The 61-year-old executive, best known for transforming Pixar from a small graphics department at Lucasfilm into the world's most successful animation studio, was the pioneering director of "Toy Story" and "Toy Story 2".
Lasseter apologised last November to "anyone who has ever been on the receiving end of an unwanted hug or any other gesture they felt crossed the line" and promptly went on sabbatical.
"The last six months have provided an opportunity to reflect on my life, career and personal priorities," the executive said in a statement released by Disney.
"While I remain dedicated to the art of animation and inspired by the creative talent at Pixar and Disney, I have decided the end of this year is the right time to begin focusing on new creative challenges."
The Oscar-winning filmmaker and senior executive conceded when the scandal broke that he had been "falling short" in ensuring a culture of "trust and respect" at his animation studios.
The admission followed a flood of complaints of sexual abuse and harassment by numerous powerful entertainment industry figures, most notably Harvey Weinstein, who posted bail of $1 million last month after being charged in New York with multiple sex crimes.
- "The Lasseter" move -
Lasseter's issues were unearthed in an investigation by entertainment trade paper The Hollywood Reporter, which described a "pattern of alleged misconduct detailed by Disney/Pixar insiders".

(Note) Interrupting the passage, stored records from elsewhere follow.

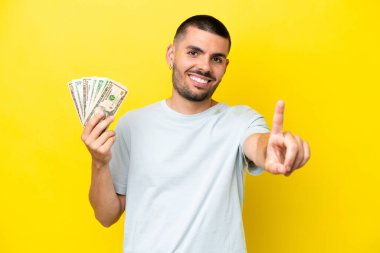 Genç beyaz adam, sarı arka planda izole edilmiş bir şekilde çok para alıyor.
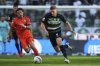 Sporting's Viktor Gyokeres, right, runs with the ball during the Portuguese league last round soccer match between Sporting CP and Vitoria SC at the Alvalade stadium in Lisbon, Saturday, May 17, 2025. (AP Photo/Ana Brigida)
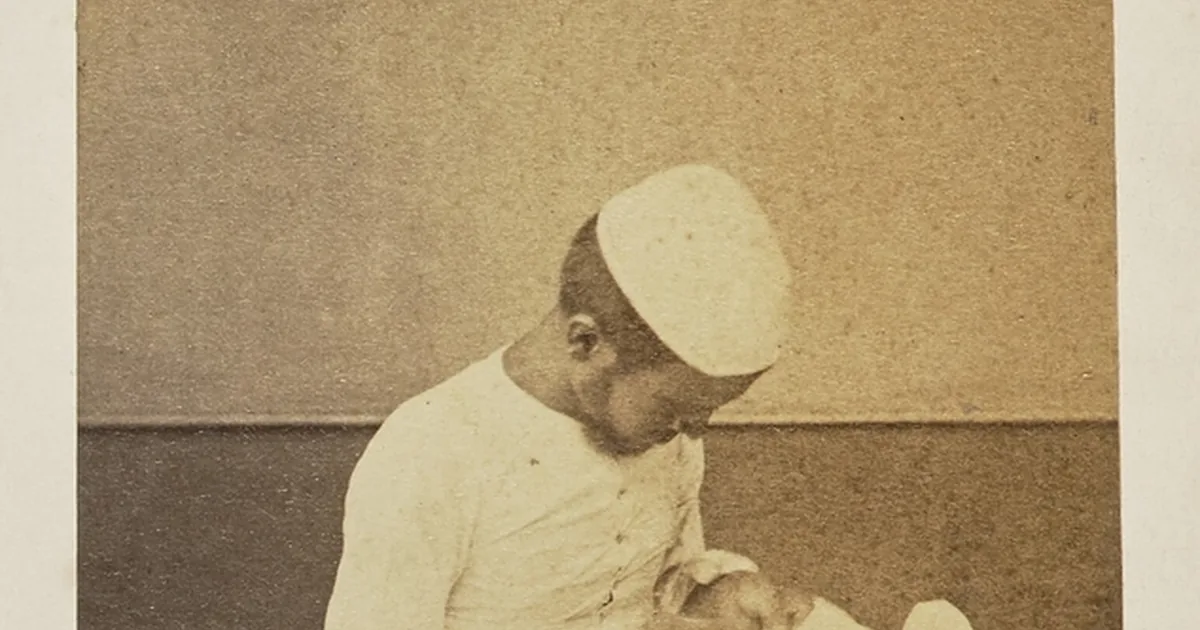 A tailor working on a garment with a measuring tape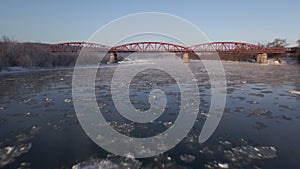 Drone Shot Flies Forward Over the Frozen River to the Red Steel Bridge, Aerial View 4k Video Footage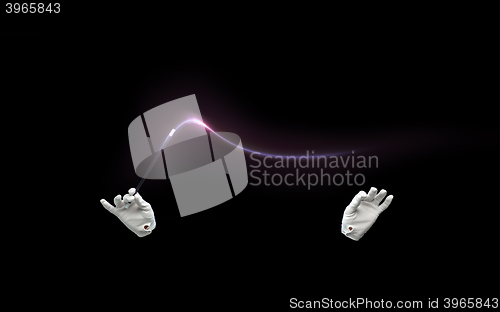 Image of magician hands with magic wand showing trick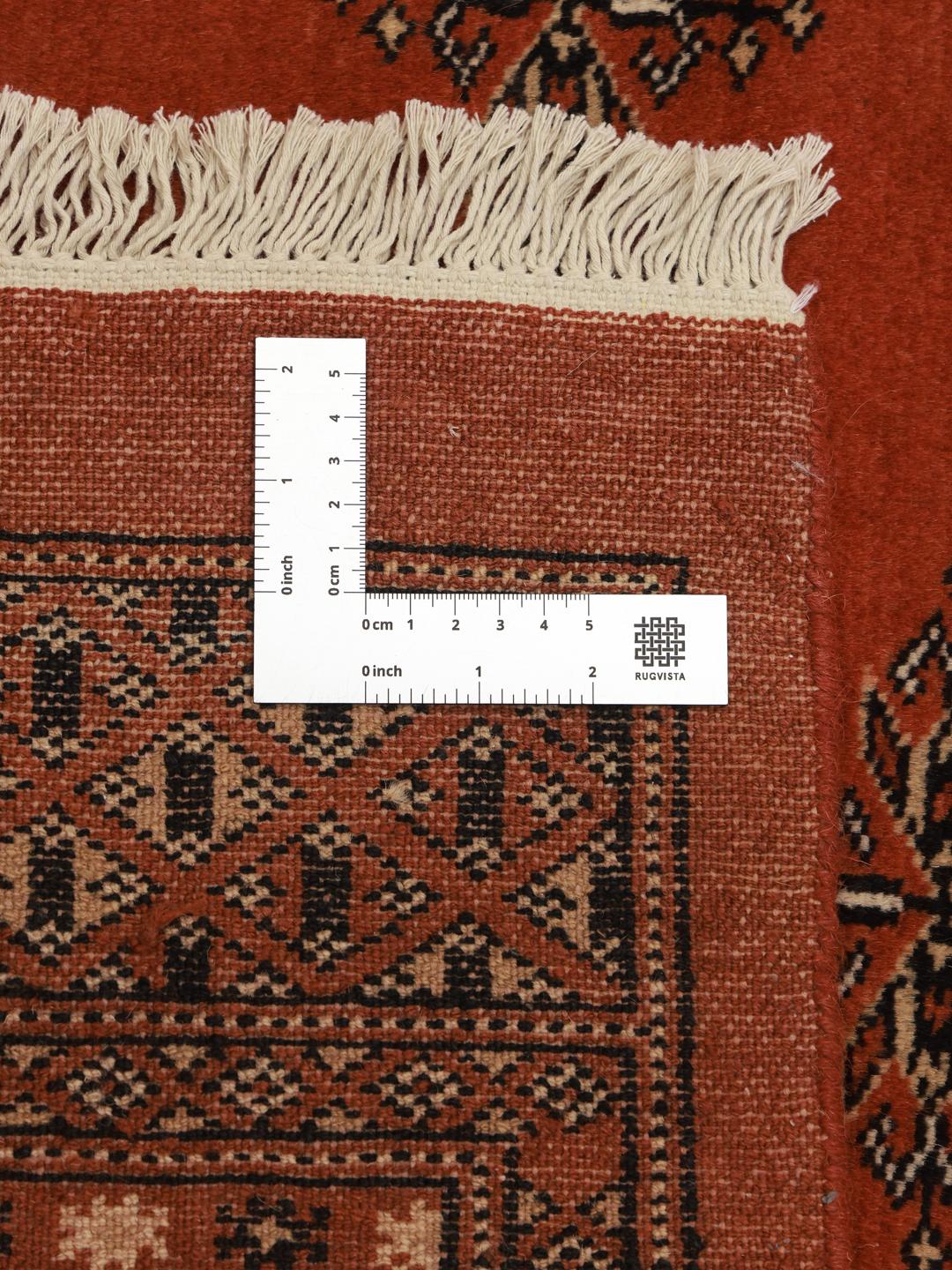 Een vierkant handgeknoopt Bokhara tapijt uit Pakistan met een dieprood veld en geometrische motieven.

The weekly's report -- never confirmed by Disney or Lasseter -- quoted a longtime Pixar employee claiming Lasseter was known for "grabbing, kissing, making comments about physical attributes".
Multiple sources were quoted alleging that Lasseter was a heavy drinker at company social events and that some women at Pixar knew to turn their heads quickly when encountering him to avoid his kisses.
Another move known as "the Lasseter" was deployed to prevent their boss from placing his hands on their thighs, the report said.
One source told the paper of "awkward encounters" with Lasseter, who liked to hug in meetings.
"You'd hug him and he'd whisper in your ear, a long time," the source said. "He hugged and hugged and everyone's looking at you. Just invading the space."
Disney said in a statement that was effusive in its praise for Lasseter that the veteran filmmaker would assume a consulting role before leaving in the New Year.
"John had a remarkable tenure at Pixar and Disney Animation, reinventing the animation business, taking breathtaking risks, and telling original, high quality stories that will last forever," Disney chief Bob Iger said.
"We are profoundly grateful for his contributions, which included a masterful and remarkable turnaround of The Walt Disney Animation Studios."
One indication that Lasseter could be on his way out, noticed mostly by Hollywood insiders, was his absence for Tuesday's premiere of "Incredibles 2".
The Disney-Pixar film, which comes out on June 15 -- a full 14 years after "The Incredibles" -- is expected to become the highest debut ever for an animated film at the North American box office.
The Hollywood Reporter asked "Incredibles 2" director Brad Bird about Lasseter and whether he should return.
"We only know what you know," Bird told trade publication.
"John was very involved with this film, and The Incredibles never would have been made at Disney if John hadn't defended us when we were in our early days."